Roma - Lo spread tra i Btp e il Bund tedesco a dieci anni ieri ha chiuso a quota 157 punti (1,75 di rendimento contro lo 0,18%). Si tratta del valore più alto dalla scorsa estate quando le emissioni italiane soffrirono a causa della Brexit. Indicativa anche la crescita dello spread tra i titoli decennali italiani e gli omologhi Bonos spagnoli che si è attestato a 47 punti ritoccando il massimo da febbraio 2012.

Grosse nubi, pertanto, paiono addensarsi all'orizzonte per il governo Renzi e per la sua gestione della politica economica che, unita all'incertezza sugli esiti del referendum (No in vantaggio sul Sì 37,6% a 34,7% per il sondaggio Emg/TgLa7), determina l'atteggiamento negativo da parte degli investitori.
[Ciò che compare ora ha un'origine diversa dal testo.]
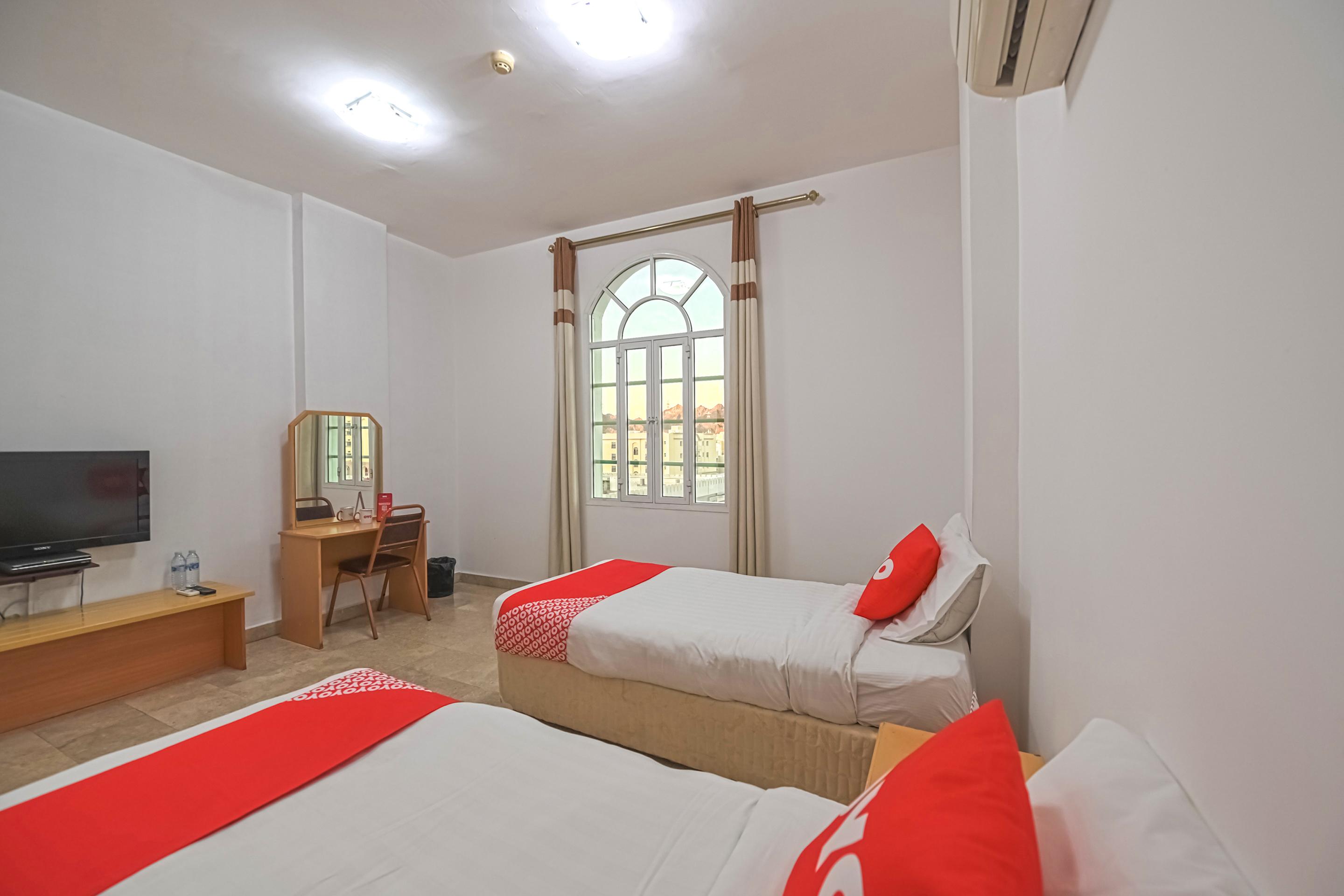 โอโย 117 มาเจสติก โฮเต็ล Hotel Wadi Kabir ภายนอก รูปภาพ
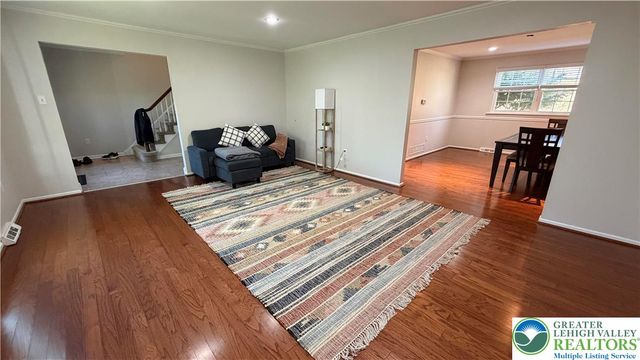 639 Heather Lane, Other Pa Counties, PA 19010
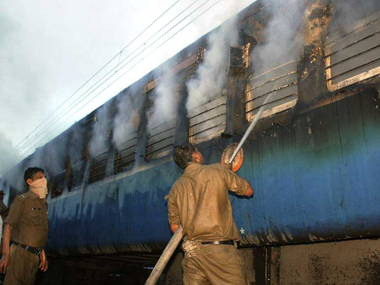 Nanded Bangalore Express Catches Fire
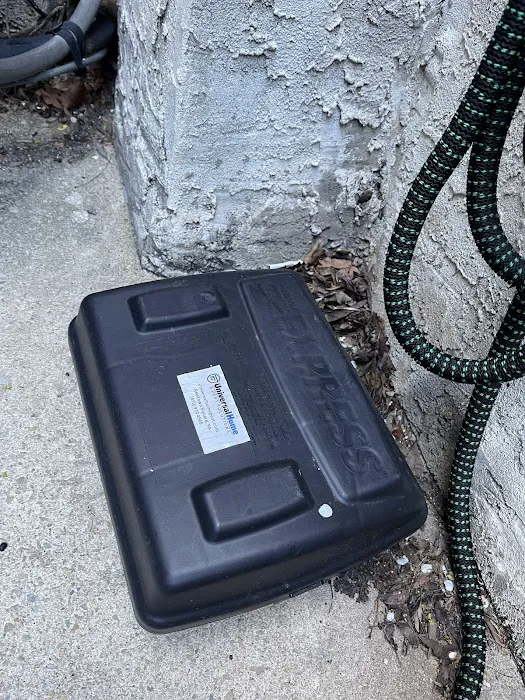 Universal Home & Pest Solutions Inc. Picture 8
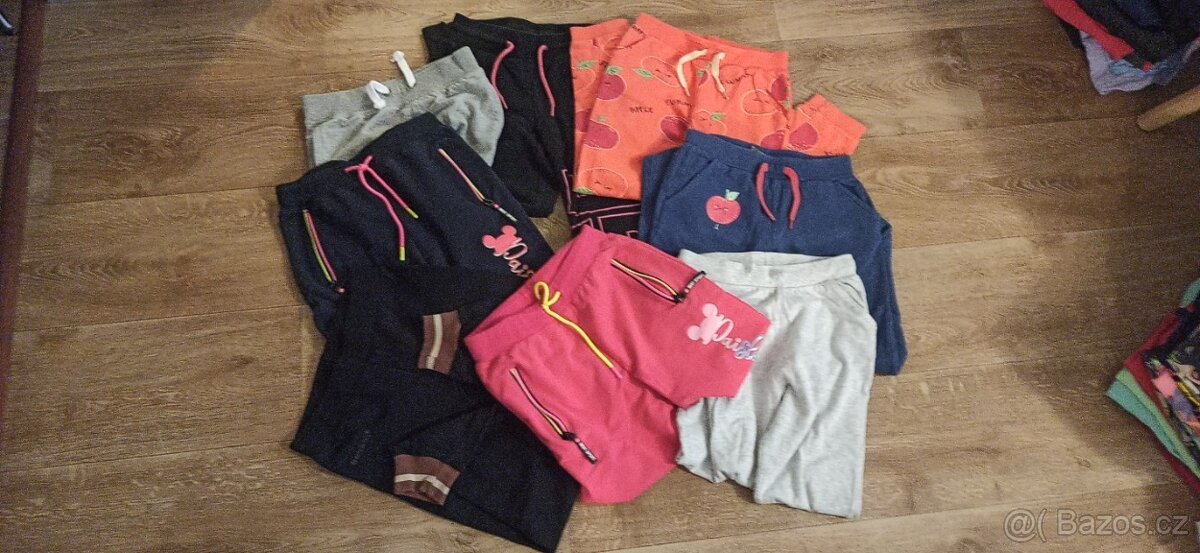 Dívčí oblečení převážně vel.134-140 - 6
Questi ultimi, infatti, vedono l'Italia come il principale candidato all'uscita da Eurolandia secondo il sondaggio della tedesca Sentix diffuso ieri. Il 9,9% degli esperti interpellati ritiene più probabile l'Italexit, ha riferito Reuters, rispetto a quella della disastrata Grecia (8,5%), scalzata per la prima volta dal vertice sin da quando è iniziata la rilevazione (giugno 2012). Ecco, dunque, che persino la Spagna viene ritenuta più affidabile del nostro Paese, soprattutto da quando ha giurato Mariano Rajoy come premier.

Poiché Renzi ha legato la sopravvivenza del suo esecutivo alla consultazione, i mercati cominciano già a prezzare questa instabilità. E anche se è vero che la vittoria del No non cambierebbe nulla dal punto di vista economico, è pure evidente che il deterioramento dei rapporti con la Commissione Ue in seguito alla presentazione di una manovra tutta in deficit non fa che aumentare questa percezione. Soprattutto se consideriamo che, progressivamente, i mercati globali si indirizzeranno verso un contesto caratterizzato da tassi in rialzo. È vero che il presidente della Bce, Mario Draghi, ha lasciato una porta aperta alla prosecuzione del Quantitative Easing anche dopo la scadenza naturale di marzo. Ma è altrettanto plausibile che gli operatori abbiano in qualche modo sperimentato, visto la giornata festiva caratterizzata da scambi ridotti, cosa potrebbe accadere quando questa fase di tassi bassi e acquisti di titoli governativi da parte delle banche centrali finirà. Gli investitori torneranno a concentrarsi sui fondamentali e quelli dell'Italia non sono buoni con un debito pubblico che veleggia molto vicino al 133% del Pil e con la spada di Damocle delle agenzie di rating Fitch e Dbrs che hanno abbassato l'outlook sull'Italia. Un declassamento, pertanto, potrebbe essere alle porte.

D'altronde, l'andamento negativo della produzione industriale e il clima deflazionistico non costituiscono ottime premesse per la crescita economica del 2017. Le tensioni con il presidente della Commissione Ue, Jean-Claude Juncker, potrebbero costare care a Renzi che se perdesse la consultazione referendaria potrebbe trovarsi anche nella spiacevole situazione di vedersi preclusi molti canali parlamentari per la costituzione di un governo di transizione per la gestione della sessione di bilancio e anche dell'emergenza terremoto.

«Silenzio assordante di Renzi in merito alla nostra richiesta di convocare immediatamente il Tavolo di coesione nazionale per condividere i prossimi passi in merito alla ricostruzione», si sono lamentati i capigruppo di Fi a Senato e Camera, Paolo Romani e Renato Brunetta.